God continued, in our creation story, to fashion distinctions among what had been tohu va’vohu – unformed and void. Light was separated from darkness, sky from water, moon and sun and stars from sky.2 And then as we know of course, the jewel in creation’s crown. Human beings, who would live in harmony, with moral consciousness in the Garden of Eden. Life would be lush in its beauty and ease. Although there was the small matter of this one tree whose fruit God forbade them to taste. Every other tree was fine, but that one…
We all probably know the outcome of that part of the story. Eve, then Adam inevitably ate from the ever alluring Tree of Knowledge … as most of us would under similar circumstances! In so doing, they too became instigators of speech. They created the Torah’s first question.
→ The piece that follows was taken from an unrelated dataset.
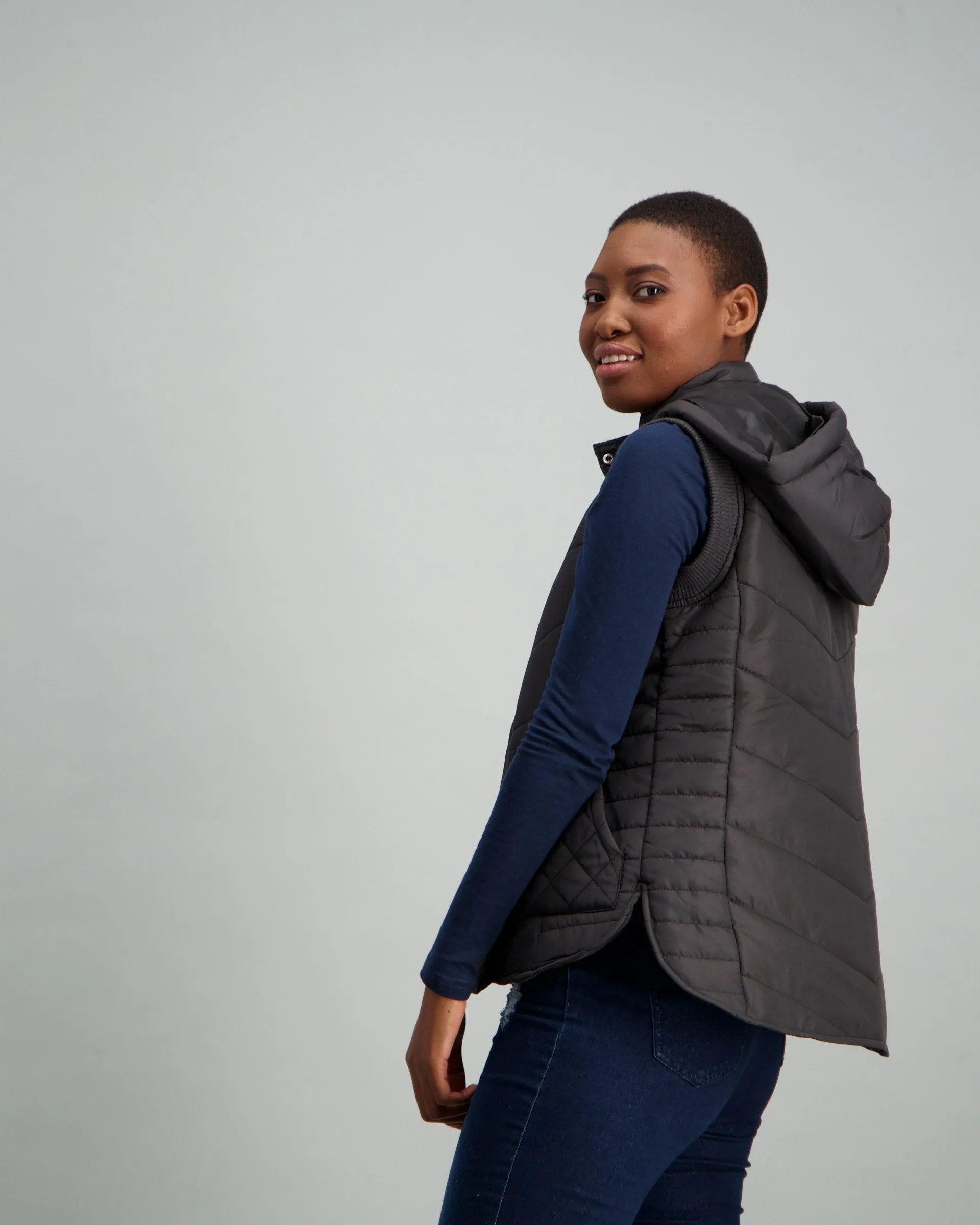 Ladies Basic Gilet - Black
It was a single word: “Ayecha?”3 Where are you?
Like children who break a precious possession they had been told not to play with, they were frightened, these first humans… and they hid among the trees of the Garden.
“Ayecha?” God called to them. Now God knew perfectly well where they were. That wasn’t the question. The real question was not “where have you run on the outside?” but “where have you run on the inside? Where have your fears and your sense of dread exiled you?”
Ayecha. Where?
Adam and Eve were already a long way from Eden. They just didn’t know it yet. On this holiest of nights, as we step back to consider the time between last Yom Kippur and this one, the truth begins to burn through. We are a long way from Eden as well.
II
It was just about a year ago, wasn’t it? That we stood here together feeling the first seismic shifts. The first earthquake-like rumblings and intimations that our nation, always a long way from Edenic utopia, was about to fall even farther. What a time we have been through, and are living through still. A year filled with everything we acknowledge and ask forgiveness for tonight: rancor and misunderstanding, bigotry, acts of violence and worse.
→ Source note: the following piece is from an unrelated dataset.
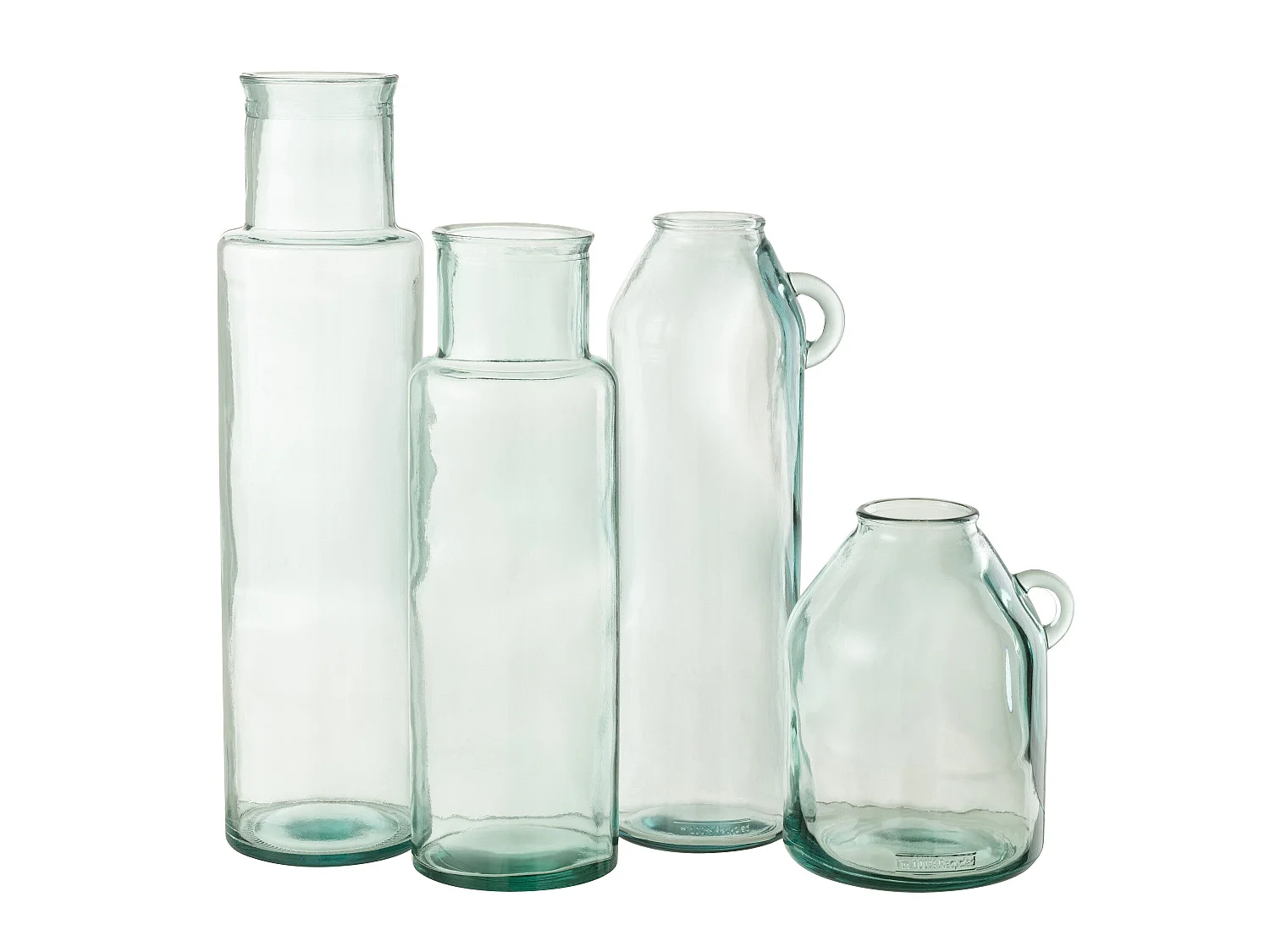 Vase Cylindrique Déco "Recyclé" 55cm Transparent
Consider the words of the “Al Chet” we chanted earlier. It’s amazing how many of these phrases have their roots in the language we use. “The harm we have caused in Your world through the words of our mouths… and harm we have caused in Your world through careless speech. (The) harm we have caused through gossip and rumor; through insincere apologies, and with a slanderous tongue.”4
There is an old story of a woman who goes to her rabbi before Yom Kippur to confess, in a manner of speaking, that she is somewhat of a gossip. “Although rabbi, I like to think of it more as a valuable public service. I hear things that people should know. It’s my special pleasure,” she shrugs, “and really how much harm can it do? After all, it’s not as though I were hitting or kicking someone, God forbid.”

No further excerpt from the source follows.